Lines from the one containing "Kawaii lucky cat" through the end of the data below are to be transcribed exactly; leave out all others.

START Exercise material

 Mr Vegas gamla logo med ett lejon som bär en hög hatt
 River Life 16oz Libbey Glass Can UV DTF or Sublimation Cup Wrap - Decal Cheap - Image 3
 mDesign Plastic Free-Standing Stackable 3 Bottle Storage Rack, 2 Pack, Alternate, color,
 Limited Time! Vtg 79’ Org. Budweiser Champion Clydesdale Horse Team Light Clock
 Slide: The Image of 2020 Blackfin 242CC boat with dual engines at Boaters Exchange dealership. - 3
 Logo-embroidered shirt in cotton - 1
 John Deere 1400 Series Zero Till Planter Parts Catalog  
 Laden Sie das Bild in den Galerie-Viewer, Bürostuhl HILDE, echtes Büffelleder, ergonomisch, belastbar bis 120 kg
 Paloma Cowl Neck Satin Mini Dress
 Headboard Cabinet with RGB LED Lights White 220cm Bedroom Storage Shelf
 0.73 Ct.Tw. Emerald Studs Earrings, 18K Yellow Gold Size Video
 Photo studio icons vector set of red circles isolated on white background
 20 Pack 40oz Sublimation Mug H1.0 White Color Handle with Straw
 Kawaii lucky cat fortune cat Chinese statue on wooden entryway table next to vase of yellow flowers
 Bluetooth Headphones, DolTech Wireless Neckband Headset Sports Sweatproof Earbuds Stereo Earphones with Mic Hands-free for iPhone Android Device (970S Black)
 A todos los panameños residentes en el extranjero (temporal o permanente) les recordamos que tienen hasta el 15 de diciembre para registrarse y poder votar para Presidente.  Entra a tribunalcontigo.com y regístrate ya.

END Exercise material

Exercise output:
 Kawaii lucky cat fortune cat Chinese statue on wooden entryway table next to vase of yellow flowers
 Bluetooth Headphones, DolTech Wireless Neckband Headset Sports Sweatproof Earbuds Stereo Earphones with Mic Hands-free for iPhone Android Device (970S Black)
 A todos los panameños residentes en el extranjero (temporal o permanente) les recordamos que tienen hasta el 15 de diciembre para registrarse y poder votar para Presidente.  Entra a tribunalcontigo.com y regístrate ya.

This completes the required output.